- Ahirani Village location on Varanasi district map Ahirani Ahirani (Uttar Pradesh) Ahirani Ahirani (India)
- Coordinates: 25°28′31″N 82°47′14″E﻿ / ﻿25.475278°N 82.787292°E
- Country: India
- State: Uttar Pradesh
- District: Varanasi district
- Tehsil: Pindra
- Elevation: 80.795 m (265.08 ft)

Population (2011)
- • Total: 923

Languages
- • Official: Hindi
- Time zone: UTC+5:30 (IST)
- Postal code: 221204
- Telephone code: +91-542
- Vehicle registration: UP65 XXXX
- Village code: 208466
- Lok Sabha constituency: Varanasi
- Vidhan Sabha constituency: Pindra

= Ahirani, Pindra =

Ahirani is a village in Pindra Tehsil of Varanasi district in the Indian state of Uttar Pradesh. Ahirani falls under Nathaiya Pur gram panchayat. The village is about 31.0 kilometers North-West of Varanasi city, 272 kilometers South-East of state capital Lucknow and 794 kilometers South-East of the national capital Delhi.

==Demography==
Ahirani has a total population of 923 people amongst 137 families. Sex ratio of Ahirani is 956 and child sex ratio is 1,098. Uttar Pradesh state average for both ratios is 912 and 902 respectively .
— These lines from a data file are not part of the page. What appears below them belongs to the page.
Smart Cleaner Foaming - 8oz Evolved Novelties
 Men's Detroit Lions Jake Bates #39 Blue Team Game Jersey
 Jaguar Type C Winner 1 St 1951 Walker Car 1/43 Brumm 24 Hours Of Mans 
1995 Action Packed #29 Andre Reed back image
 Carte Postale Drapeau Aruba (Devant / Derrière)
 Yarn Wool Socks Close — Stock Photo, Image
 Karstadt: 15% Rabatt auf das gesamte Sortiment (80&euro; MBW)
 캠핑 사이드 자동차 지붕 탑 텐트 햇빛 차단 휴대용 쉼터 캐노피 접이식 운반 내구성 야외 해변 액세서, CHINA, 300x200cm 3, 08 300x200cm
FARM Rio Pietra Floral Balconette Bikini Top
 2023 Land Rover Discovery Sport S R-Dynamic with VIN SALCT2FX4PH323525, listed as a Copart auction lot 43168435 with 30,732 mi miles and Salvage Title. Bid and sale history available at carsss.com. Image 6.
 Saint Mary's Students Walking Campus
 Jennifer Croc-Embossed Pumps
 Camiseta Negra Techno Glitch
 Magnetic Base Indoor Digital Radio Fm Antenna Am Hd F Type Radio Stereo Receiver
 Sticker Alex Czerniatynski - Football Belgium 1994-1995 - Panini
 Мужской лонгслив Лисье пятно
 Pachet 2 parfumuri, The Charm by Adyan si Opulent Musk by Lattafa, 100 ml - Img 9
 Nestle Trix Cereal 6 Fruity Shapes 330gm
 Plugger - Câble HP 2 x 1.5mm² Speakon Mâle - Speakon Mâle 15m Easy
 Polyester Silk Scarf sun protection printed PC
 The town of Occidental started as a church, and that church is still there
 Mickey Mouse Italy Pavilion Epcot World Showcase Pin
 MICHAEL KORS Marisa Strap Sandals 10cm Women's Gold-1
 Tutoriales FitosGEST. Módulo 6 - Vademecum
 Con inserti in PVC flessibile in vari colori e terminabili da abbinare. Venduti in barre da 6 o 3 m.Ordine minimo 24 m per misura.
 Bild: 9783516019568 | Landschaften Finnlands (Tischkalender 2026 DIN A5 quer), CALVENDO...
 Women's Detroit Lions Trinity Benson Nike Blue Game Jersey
| Details | Male | Female | Total | Comments |
| Number of houses | - | - | 137 | (census 2011) |
| Adult | 411 | 384 | 795 |
| Children (0–6 years) | 61 | 67 | 128 |
| Total population | 472 | 451 | 923 |
| Literacy | 73.72% | 51.82% | 63.14% |

==Transportation==
Ahirani can be accessed by road and does not have a railway station of its own. Closest railway station to this village is Kapseti railway station (19 kilometers South-West). Nearest operational airports are Varanasi airport (13 kilometers South-East) and Allahabad Airports (132 kilometers West).

==See also==

- Pindra Tehsil
- Pindra (Assembly constituency)

==Notes==
- All demographic data is based on 2011 Census of India.